The Sunday Times (London) - Business

The Sunday Times September 10, 2006

Branson joins Arnie’s crusade as Virgin goes green
Dominic O’Connell

SIR RICHARD BRANSON has joined forces with two of America’s top venture capitalists to slake California’s thirst for environmentally friendly fuels.

Branson has injected more than $60m (£32m) into Cilion, a company that will make bioethanol from corn. He is investing alongside Vinod Khosla, the renowned Silicon Valley entrepreneur, and Ron Burkle, a Los Angeles billionaire who counts Bill Clinton among his advisers.

The project is the start of a move by Branson’s Virgin empire into environmental businesses, a plan known internally as the Gaia Capitalism Project, after the environmental theory developed by the British scientist James Lovelock.

Virgin Fuels, the subsidiary used for the Californian scheme, will alone invest $400m in several biofuel schemes, including some in Britain.

“We plan to move into this sector in a big way,” said Branson. “In a few years it will be a major field for us.”

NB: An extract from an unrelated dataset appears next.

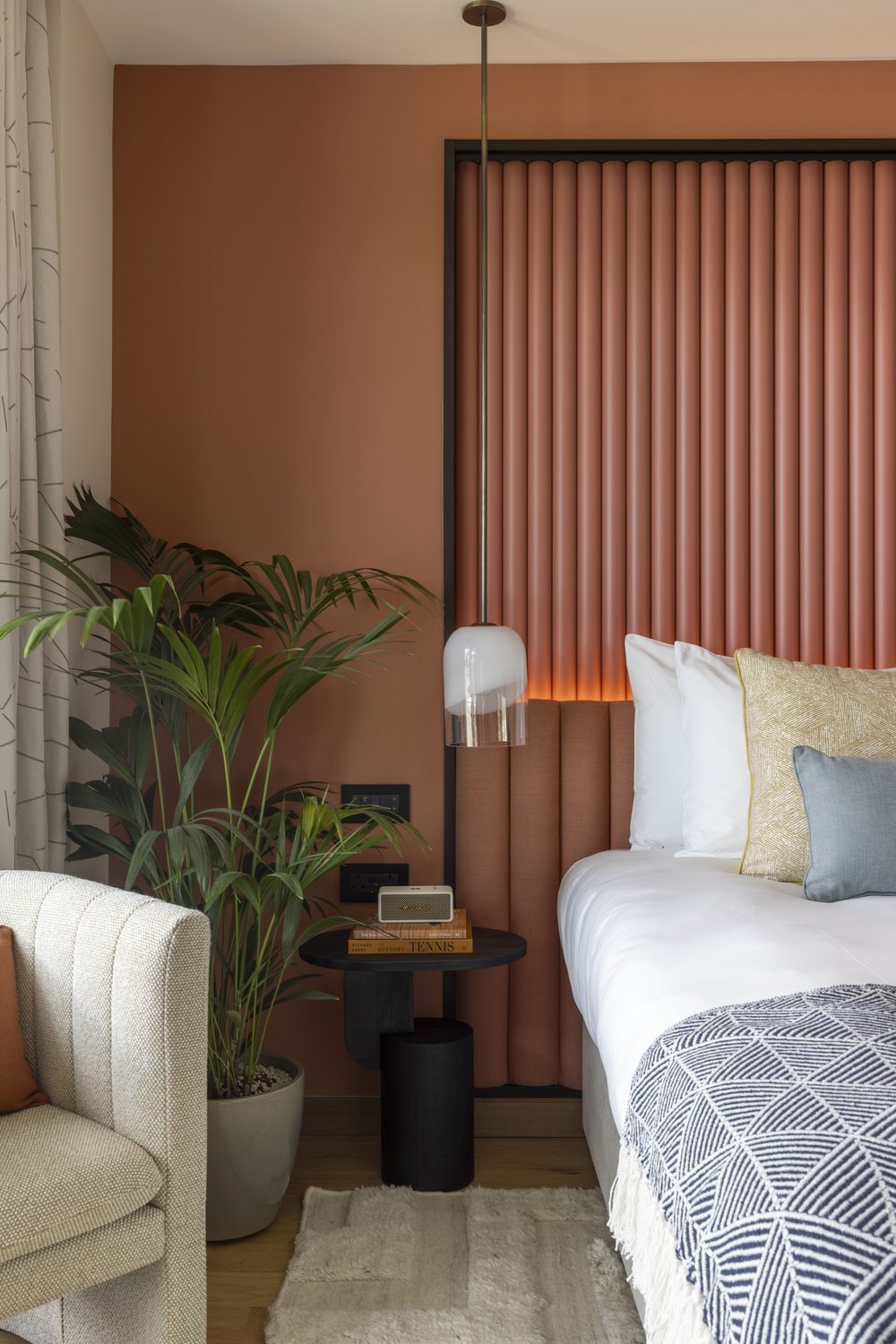 A portrait image of a bed beside a bedside table with a plant and an armchair. The back wall is terracotta-hued with a matching headboard.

Virgin Fuels is already working with the government on a scheme to make it economic for train companies to use biodiesel. Virgin would also like to develop a biofuel suitable for aircraft engines, although it concedes this could be a decade away.

Branson is understood to be considering other big investments in a range of other alternative-energy technologies, including wind power, hydro-electric and possibly even small nuclear stations. “Nothing is off the agenda,” said a top Branson aide.

The Californian scheme capitalises on an environmental crusade by the state’s governor, Arnold Schwarzenegger.

California already uses bioethanol to fuel cars, but almost all of it is imported from the American Midwest. Earlier this year Schwarzenegger issued an executive order calling for the state to make 20% of the fuel itself by 2010.

Cilion plans to build sufficient refining capacity to meet the target itself. It was set up in June as a $40m joint venture between Western Milling, one of California’s largest grain-milling companies, and Khosla Ventures, Vinod Khosla’s venture-capital company. Khosla, named America’s top venture capitalist by Forbes magazine, is best known as one of the founders of the technology company Sun Microsystems.

In a second-round fundraising completed last week, Cilion raised another $160m, more than $60m of which was provided by Virgin Fuels.

The rest was provided by Khosla, Western Milling and Yucaipa, an American private-equity business led by Burkle.

Yucaipa made its name with a string of big-ticket retail deals, and has on its board the former president Bill Clinton. Virgin’s representative on the Cilion board will be Shai Weiss, a former NTL executive who heads Virgin Fuels.

Cilion is expected to start work on the first of seven bioethanol plants within a few weeks.

It will bring corn from the Midwest by rail for processing, and says its technology makes it competitive with petrol at oil prices as low as $40 a barrel. Having gone as high as $78 this year, Brent crude closed the week at $63.50.

Branson, who attended the recent environmental summit in California between Tony Blair and Schwarzenegger, said he had been plotting a shift into environmental businesses for about two years.

“I have read a number of books on global warming and I am absolutely convinced that this is the biggest crisis that faces Earth and mankind.

“We have to do something about it. I think every company chairman should be thinking about devoting a percentage of his earnings to it.”